僕たちは、宇宙のことぜんぜんわからないPhoto: Adobe Stock

疑問:誰でも同じふうに時間を感じるの?

 20世紀に入るまで、時間は誰にとっても共通だと考えられていた。

 すべての人、宇宙のすべてのものが、時間を同じふうに感じるということだ。同じ時計を2個、宇宙の別々の場所に置いたら、永遠に同じ時間を刻みつづけるとされていた。

 何しろ、日々の経験ではその通りなんだから。もし1人1人の時計が違う速さで進んでいたら、世の中めちゃくちゃだ!

 でもその後、アルベルト・アインシュタインの相対性理論が登場して、空間と時間が時空という1つの概念にまとめられると、すべてがひっくり返った。

 アインシュタインは、運動している時計のほうがゆっくり時を刻むと予言した。有名な話だ。

 光の速さに近いスピードで近くの星まで旅したら、地球に残していった人に比べて経験する時間は短くなる。

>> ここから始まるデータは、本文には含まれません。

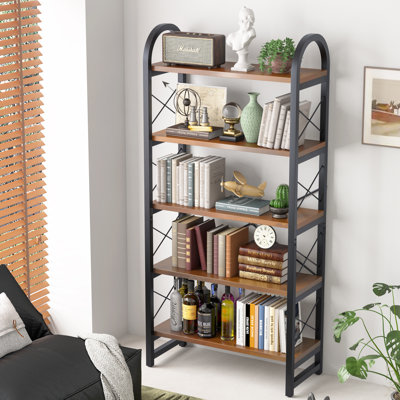 23.6" 5-tier Arched Industrial Bookcase, Rustic Solid Wood Open Shelves With Metal Frame, Vintage Display Storage Rack For Living Room Bedroom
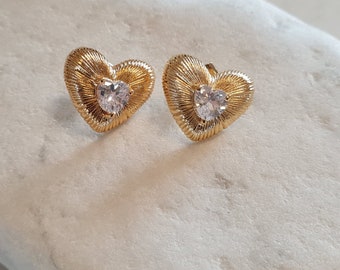 Heart earrings, stainless steel vintage heart earrings with white zyrcon, 18K gold earrings, hypoallergenic , nickel free.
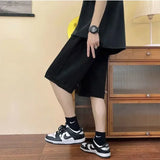 WIAOFELLAS  -  Summer Thin Denim Shorts Men's Hong Kong Style Brand Loose Straight Casual Mid-pants Versatile Wide-leg Five-point Pants Men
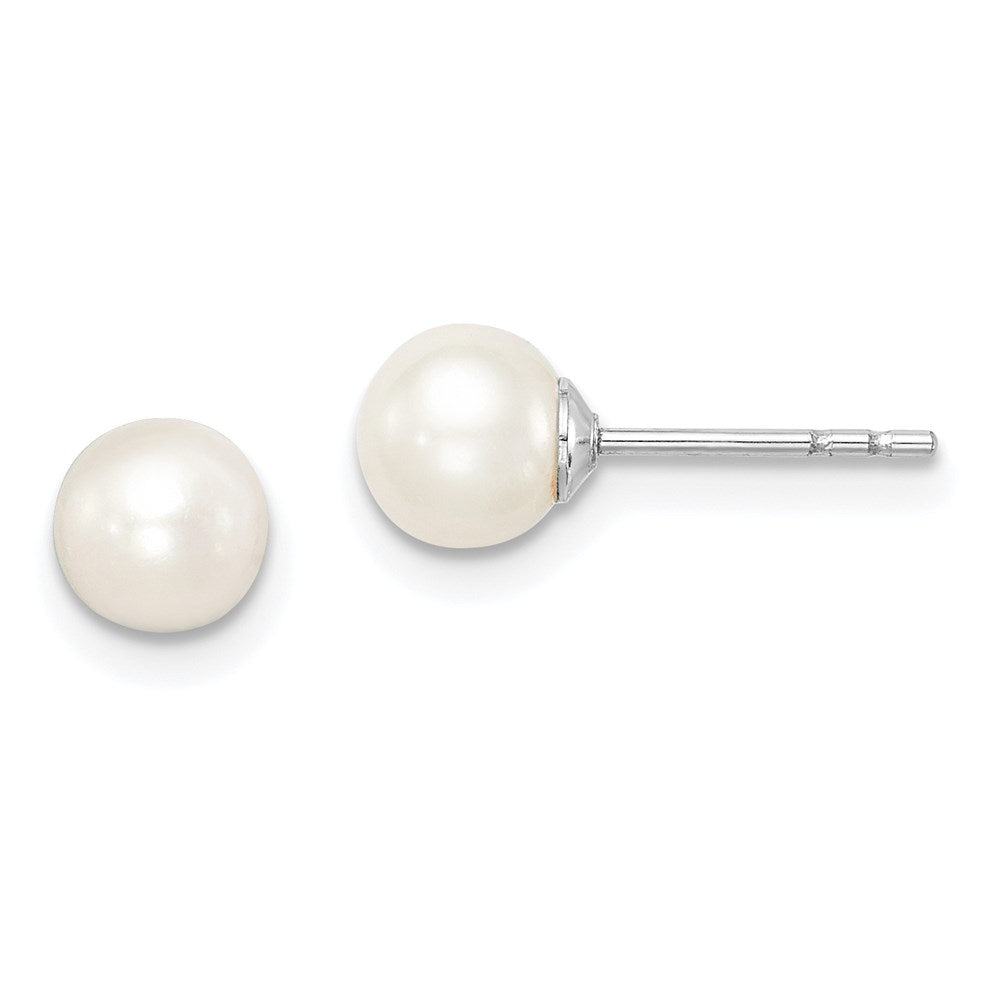 SS Madi K Rhod-plated 5-6mm White Round FWC Pearl Stud Earrings (0.12 grams)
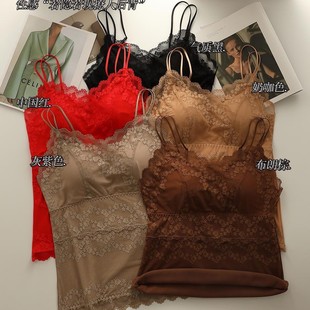 8042 Velvet Sling Lace Warm Vest One Cup Heating Base Clothes fleece-lined Thickened Sexy plus size Beautiful Back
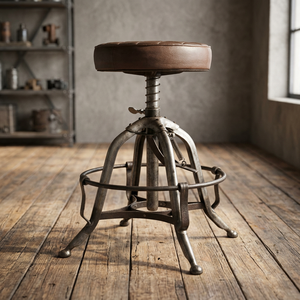 Modern Industrial Antique <b>Leather</b> Seat Metal <b>Bar</b> <b>Stool</b> Commercial Use Home Kitchen Hotel Villa Farmhouse - Product Image 3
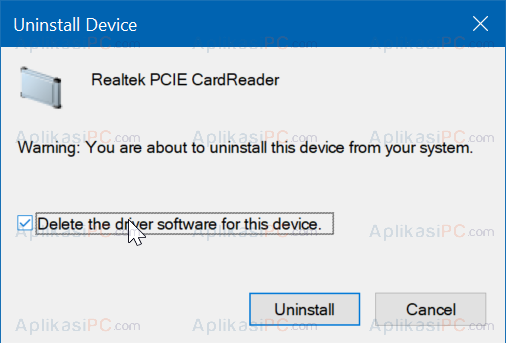 Device Manager - Delete Device Driver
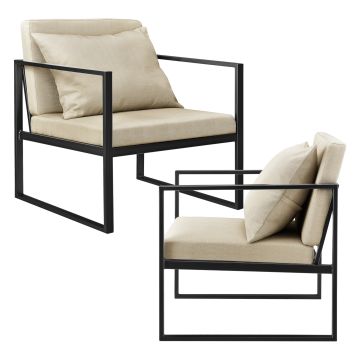 [en.casa]® 2 x Design fotel 70 x 60cm karosszék hátpárnával kényelmes szék kartámasszal homokszín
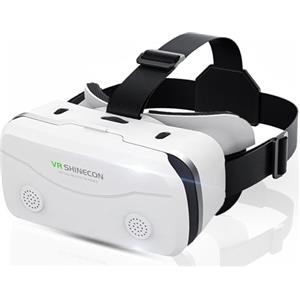 SHREVNI Occhiali VR 3D, Cuffie Realtà Virtuale HD per Smartphone 5 a 7 pollici, Visore VR Compatibile iOS/Android, per Film e Giochi (White)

 だからといって、『マトリックス』みたいに時間をゆっくり感じるわけじゃない。

 地球に残っている人の時計で時間を計ると、旅している時計よりも長い時間が過ぎたと計られるということだ。

 誰でも同じように時間を経験するけれど(1秒あたり1秒というふつうのペースで)、お互いに速いスピードで動いていると時計の進み方が違ってくるのだ。

光より速いものはない

 スイスのどこかで、ある時計職人がそれを聞いてぶっ倒れたらしい。

 同じ時計が違うスピードで進むなんてぜんぜん理屈に合わないように思うけれど、実際にこの宇宙はそういうところなんだ。

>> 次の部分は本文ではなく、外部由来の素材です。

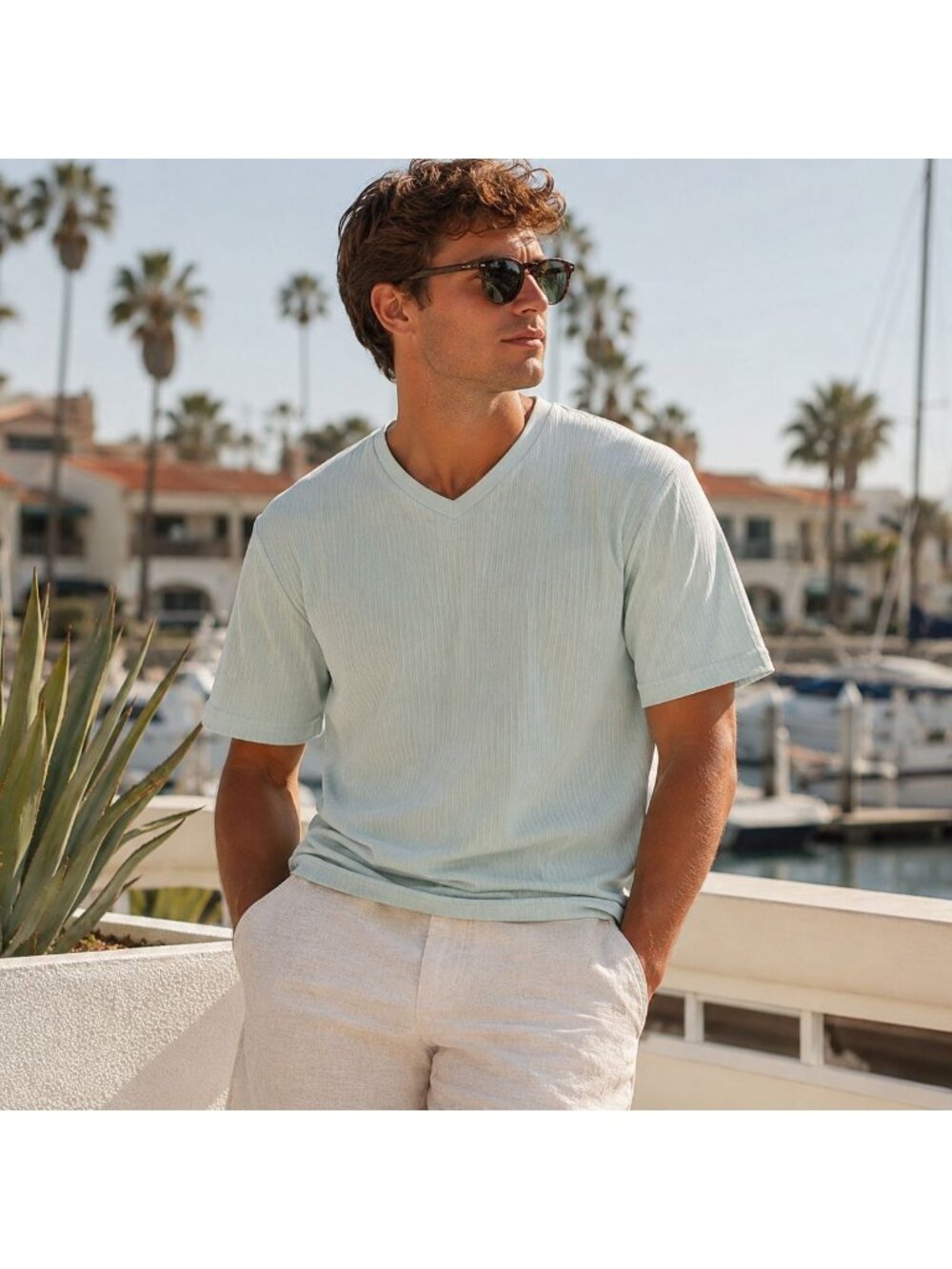 VTG Joe Henlin Coastal Grandpa Ribbed L Mint Green Retro Resort T-Shirt Cotton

 それは日常生活の中でもわかる。携帯(とか車とか飛行機)のGPS受信機よりも、地球のまわりを回るGPS衛星(地球の巨大な質量でゆがんだ空間の中を時速数万キロで飛んでいる)のほうが、時間がゆっくり進んでいるのだ。

 その違いを計算に入れないと、衛星からの信号と正確に同期させて君の位置を測ることはできない。

 宇宙は論理的な法則に従っているけれど、その法則は君の思っている通りとは限らないのだ。その真犯人は、宇宙の制限速度、つまり光の速さだ。

 アインシュタインの相対性理論によると、どんなものも、情報やアツアツの宅配ピザでさえ、光の速さより速く移動することはできない。

 この厳しい制限速度(時間あたりの距離)のせいでいろいろ不思議なことが起こって、僕らの思っている時間の概念は崩れてしまうのだ。

 まず、この速度制限がどういうふうに効いてくるのか、しっかり理解しておこう。

 いちばん大事なルールとして、誰がどんな立場から何のスピードを測っても、この制限速度は守られていないといけない。

「光の速さより速く動いているものは1つも見つからない」というのは、どんな立場から見ても絶対に見つからないという意味だ。

 そこで1つ単純な思考実験をしてみよう。ソファーに座っている君が懐中電灯を点ける。君にとって、懐中電灯から出た光は光の速さで進んでいく。

 でも、そのソファーがロケットの先端にくくりつけられていて、そのロケットが発射してものすごいスピードで飛びはじめたら?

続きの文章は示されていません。